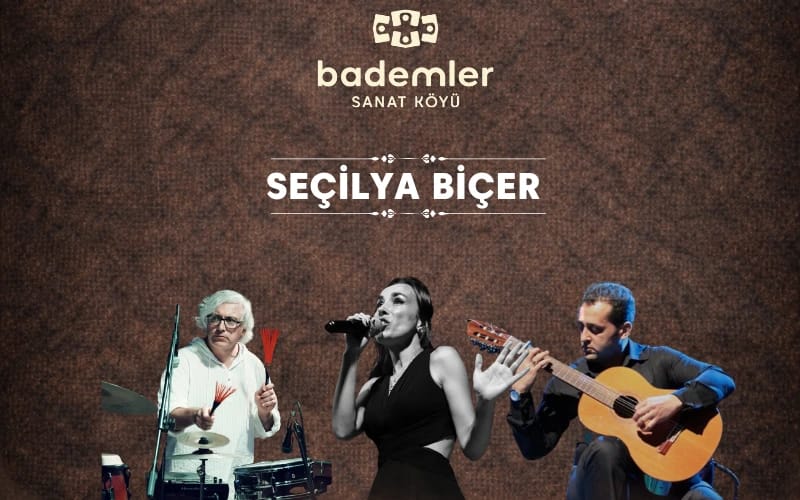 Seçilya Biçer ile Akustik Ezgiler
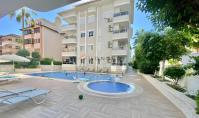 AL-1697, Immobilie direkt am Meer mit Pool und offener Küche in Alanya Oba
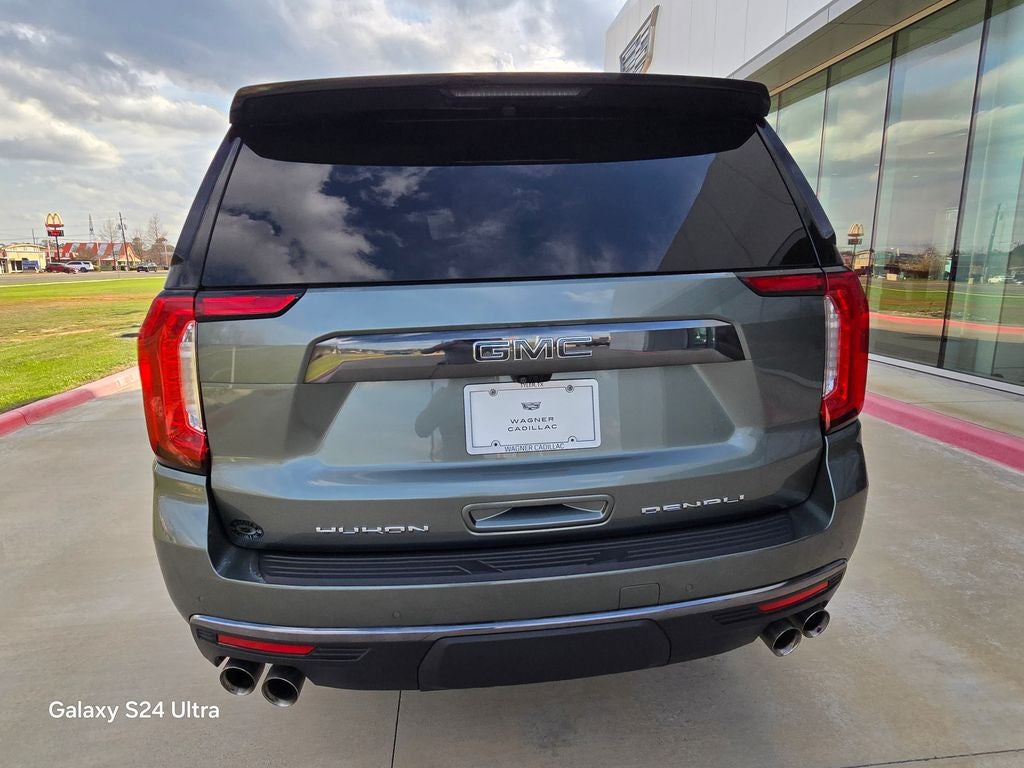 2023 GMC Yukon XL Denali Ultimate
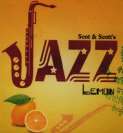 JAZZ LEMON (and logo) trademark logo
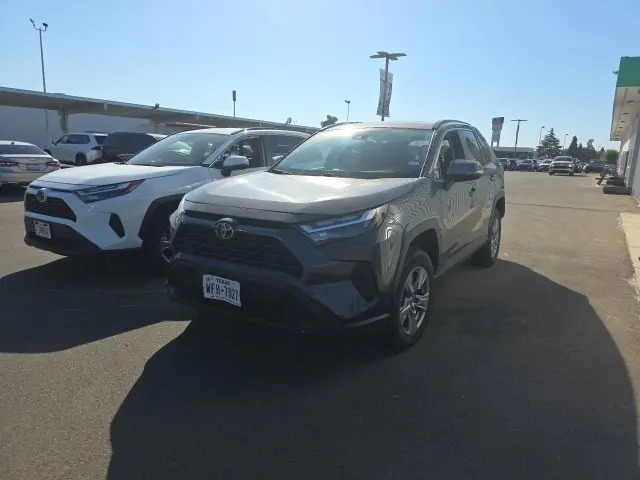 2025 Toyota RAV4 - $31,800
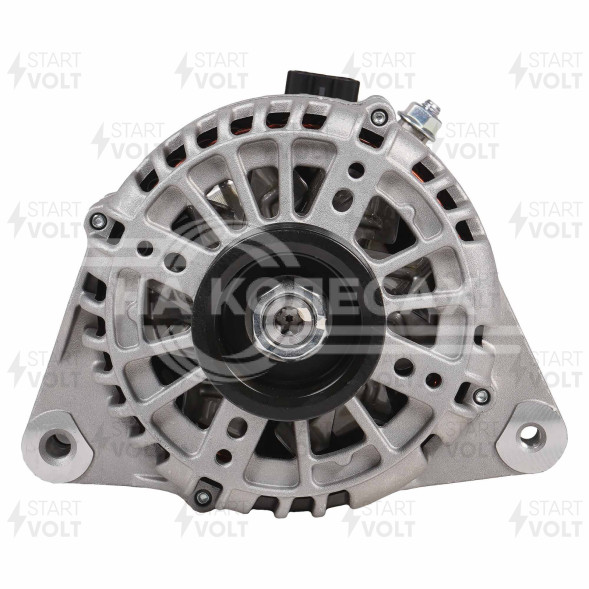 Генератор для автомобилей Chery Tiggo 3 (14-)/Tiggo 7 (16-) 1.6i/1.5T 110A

• **Work to complete**
Pictures stay out; the records above are otherwise reproduced exactly.

• **Exercise response**
 Seçilya Biçer ile Akustik Ezgiler
 AL-1697, Immobilie direkt am Meer mit Pool und offener Küche in Alanya Oba
 2023 GMC Yukon XL Denali Ultimate
 JAZZ LEMON (and logo) trademark logo
 2025 Toyota RAV4 - $31,800
 Генератор для автомобилей Chery Tiggo 3 (14-)/Tiggo 7 (16-) 1.6i/1.5T 110A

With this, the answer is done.